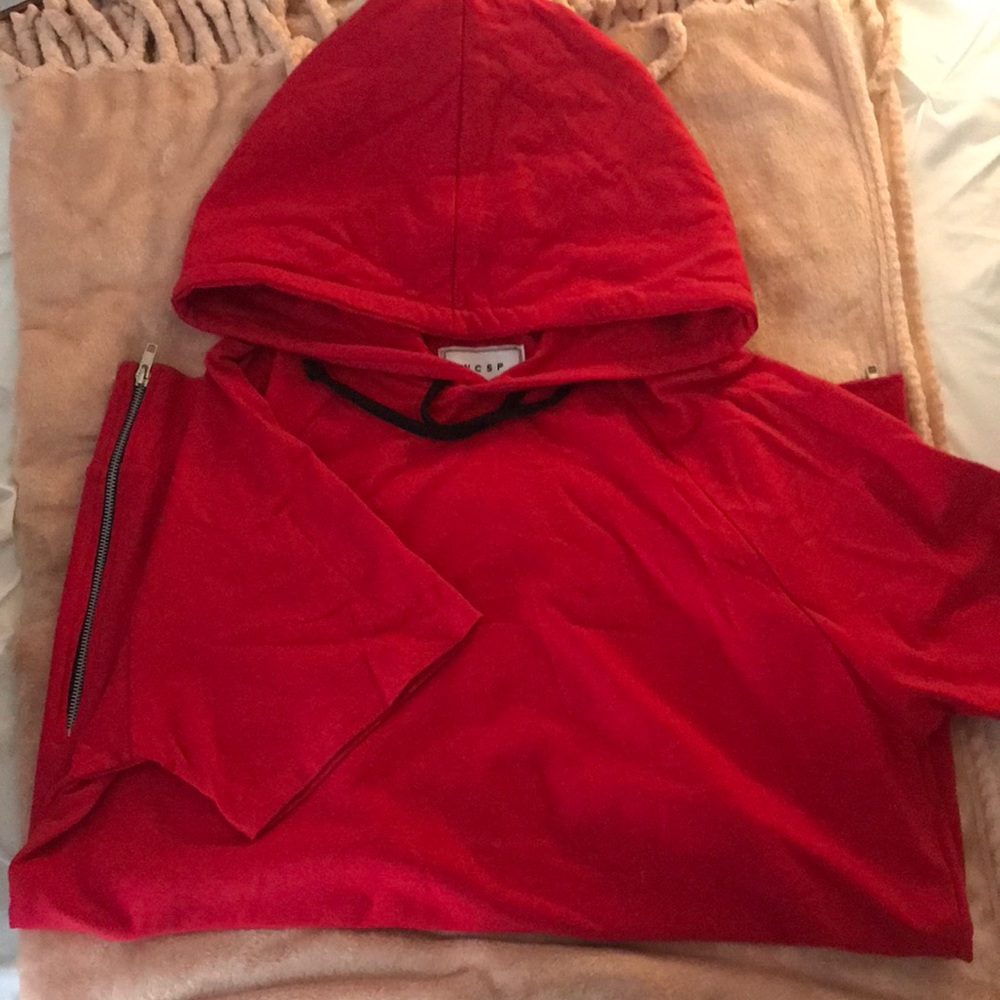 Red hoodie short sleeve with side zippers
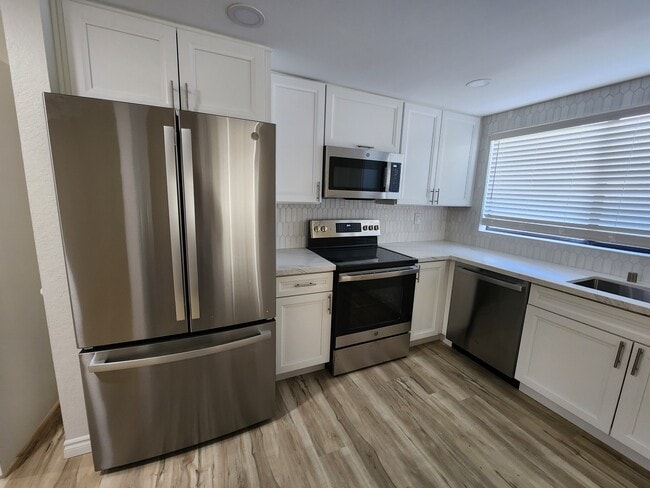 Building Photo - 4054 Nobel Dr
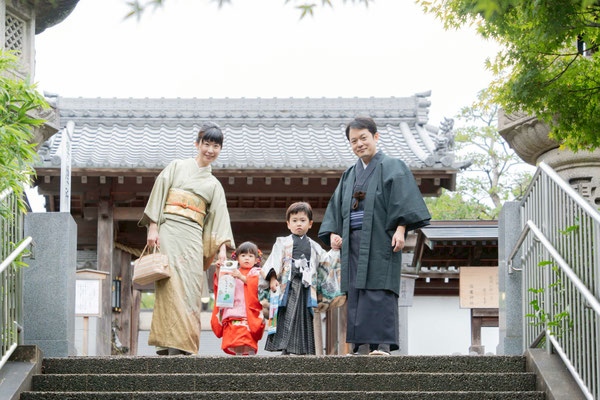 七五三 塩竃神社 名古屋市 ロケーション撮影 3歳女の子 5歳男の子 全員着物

#####

Work task:
Nothing but the pictures should be left out when the material above is copied.

Reply:
 Red hoodie short sleeve with side zippers
 Building Photo - 4054 Nobel Dr
 七五三 塩竃神社 名古屋市 ロケーション撮影 3歳女の子 5歳男の子 全員着物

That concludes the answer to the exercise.